Validate every candidate. Use one fresh Task subagent per candidate test improvement. Each validator gets this prompt verbatim, with {ISSUE}, {FILES}, {TEST_HARNESS}, and {CONVENTIONS} filled in:

Issue: {ISSUE}. Relevant production and test files in full or focused excerpts: {FILES}. Test harness and candidate file location: {TEST_HARNESS}. Conventions: {CONVENTIONS}. Confirm or refute. Return VALIDATED: with concrete evidence: changed behavior, realistic regression, existing test gap or absence, public path the new or changed test should exercise, why this is the minimal maintainable test location, and score 0–100. Anything that does not catch a named realistic bug scores under 80.

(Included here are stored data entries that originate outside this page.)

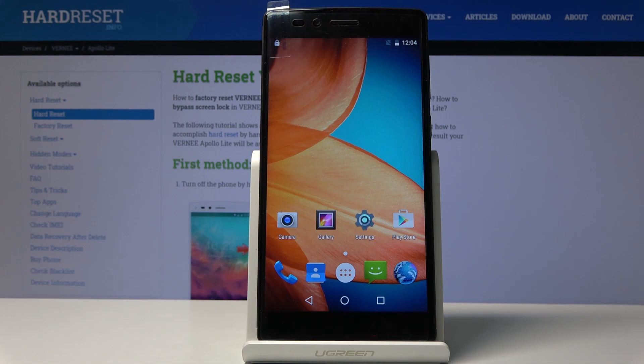Welcome. This is the Vernee Apollo Lite and today I'll show you how to put the device into recovery mode.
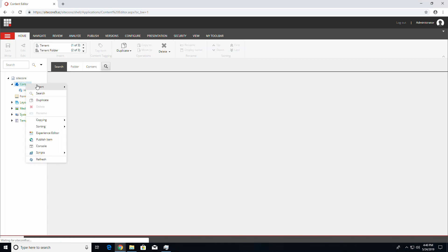You should now have the ability to add tenants and tenant folders under the content item, along with all the tools and features of Sitecore SXA.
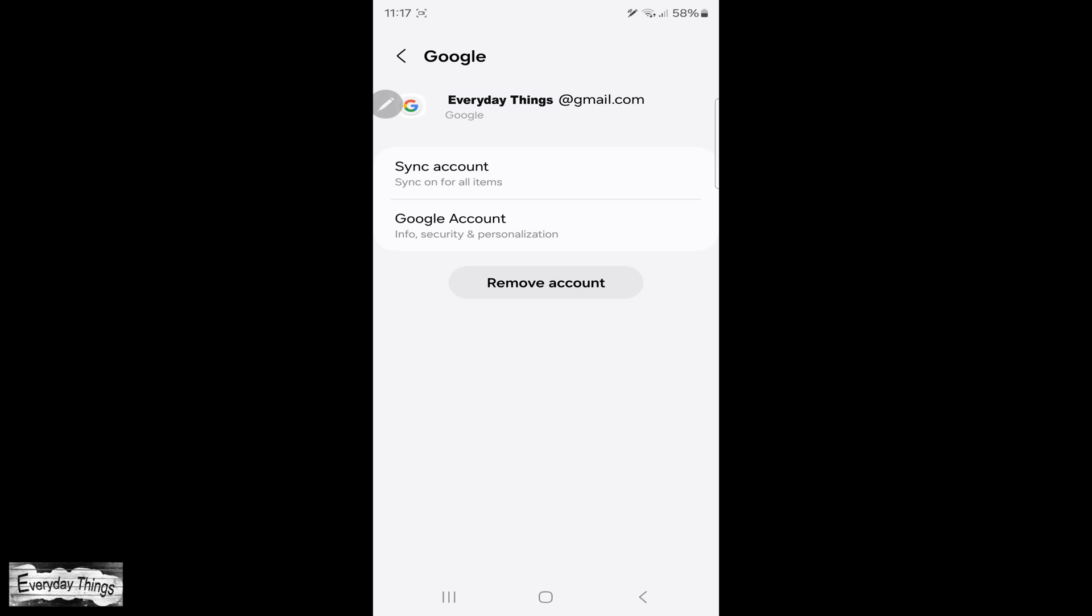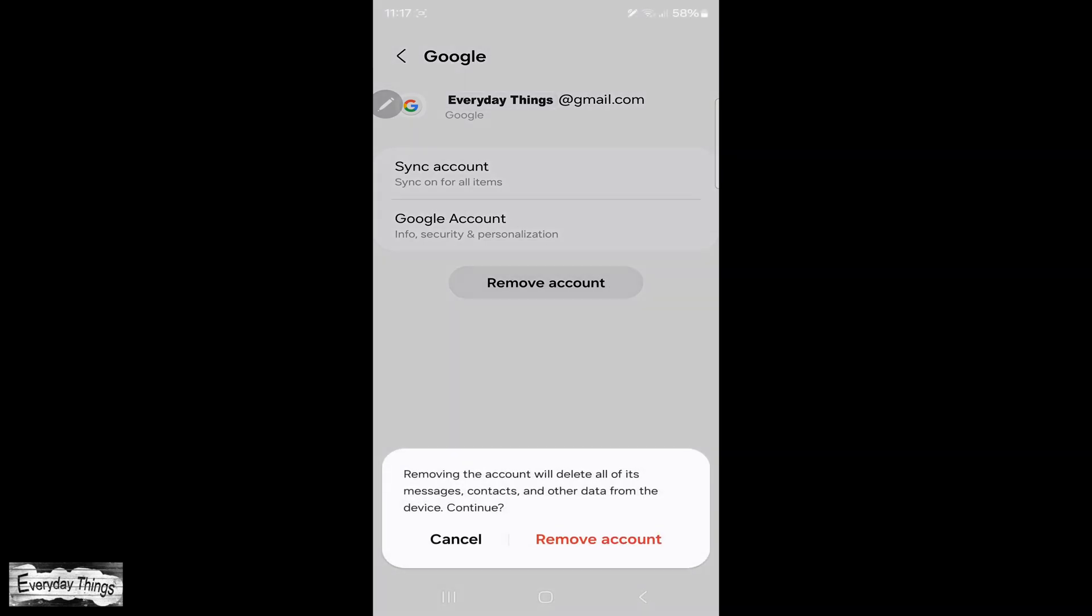Once you understand this, tap on Remove Account. Then tap Remove Account again to confirm.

A validator response is invalid if it is empty, whitespace-only, truncated, or missing VALIDATED: with a score and evidence. Retry invalid validator output once with smaller focused production/test excerpts. If it is still invalid, stop with Review inconclusive. Drop every candidate below 80.
Implement only validated improvements. Validated improvements are mandatory edits, not suggestions: modify existing tests or add new test code at the narrowest useful seam. Prefer public behavior over private fields or mock call order. When tests exist, strengthen or extend them at the narrowest useful level. When no suitable test exists, create the smallest idiomatic test file in the discovered harness that exercises the changed public path end-to-end enough to fail for the named regression. Replace weak assertions with exact observable outcomes. Add edge/failure cases only when tied to real changed paths. Reject tests that only prove mocks, test-only production APIs, or implementation details. If a mock becomes more complex than the behavior, prefer a public seam or integration path. Skip trivial getters, generated code, framework boilerplate, style conventions, and broad coverage goals.
Run checks. Run the targeted tests that prove each improvement, then the broader relevant check when available. If no check applies, say why.
Report. If any reviewer or validator returned invalid output after retry, output Review inconclusive and the failed role. For each touched test, output:

<file>::<test_name> — catches <named bug> via <public path> — <command> -> <result>

If no validated improvement exists, output no test changes justified and one short sentence naming the reviewed behavior surface.

Never add tests that only lock in implementation details. Never weaken, skip, delete, or baseline existing checks to get green.